Ein paar ausgewählte Rahmen aus dem Werkzeugkasten VIII

Der nächste Rahmen ist wunderbar simpel - eigentlich eine Reinform des Kontextrahmens, aber zu schön, um ihn nicht speziell zu erwähnen.

Das große Bild

Die Grundidee ist hier immer, den Blick zu erweitern. Sagen wir, eine Person hat ein bestimmtes Problem, das an ihr nagt - dann kann aufgezeigt werden, was im Leben der Person alles gut läuft. Wunderbar palliativ. Oder alternativ aufzeigen, dass im Lauf der Welt das Problem nicht einmal ein Sandkorn am Strand ist.

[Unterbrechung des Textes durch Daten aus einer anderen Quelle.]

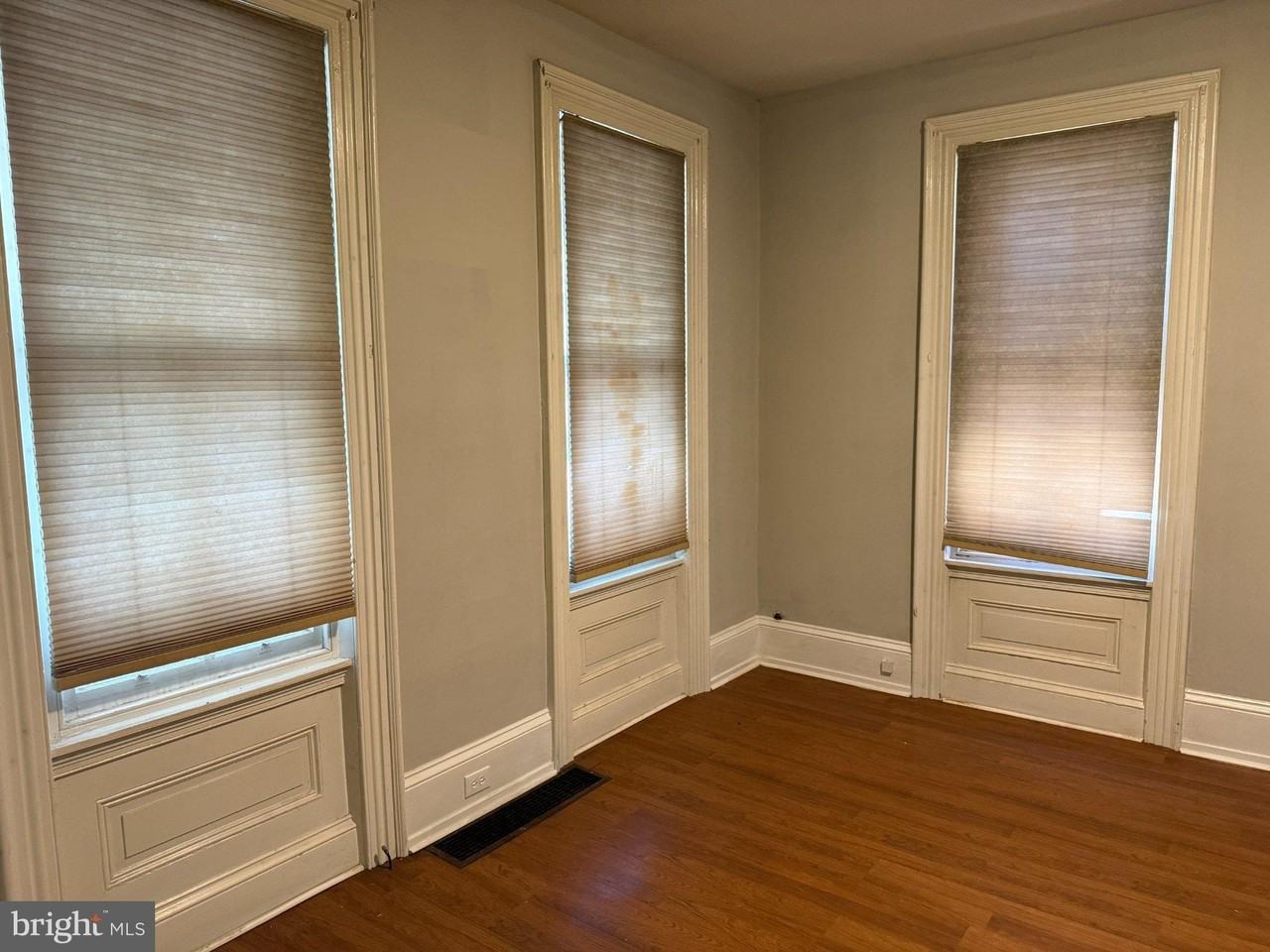 310 N Charlotte St - Photo 4 of 26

So etwas habe ich am Ende meines Studiums getan. Da wusste ich nicht, ob ich es schaffe - es lief eine ganze Menge schief (sowohl privat als auch im Rahmen der Diplomarbeit, aber das ist eine Geschichte für sich), und als ich da eines Abends mit dem Bus fuhr, wurde mir klar, dass mein Schicksal eigentlich überhaupt niemanden interessiert. Niemanden im Bus, kaum wen in der Stadt, und auch sonst auf der Welt bestenfalls eine Handvoll Leute. Es war insofern egal, wie die Geschichte ausgehen würde - half mir, einen klaren Kopf zu bekommen und so alles, was damals alles plötzlich aufsprang, ganz "Whack-A-Mole"-mäßig zu lösen. Ein Problem nach dem nächsten.

Es gibt noch eine weniger schöne, manchmal jedoch notwendige Anwendung. Wenn jemand ein sehr dysfunktionales Verhalten, Eigenheit, wie auch immer (z.B. bei der generalisierten Angststörung), und nur in Bezug auf einen winzigen Aspekt davon Hilfe mag. Normalerweise bin ich ein Vertreter von "sich um das kümmern, weshalb der Klient einen anspricht" (egal in welchem Kontext) - nur wenn das angesprochene Symptom Teil eines größeren Problems ist, muss man manchmal auch das größere Problem bearbeiten. Und dann kann es helfen, auch mal da das größere Bild zu zeigen.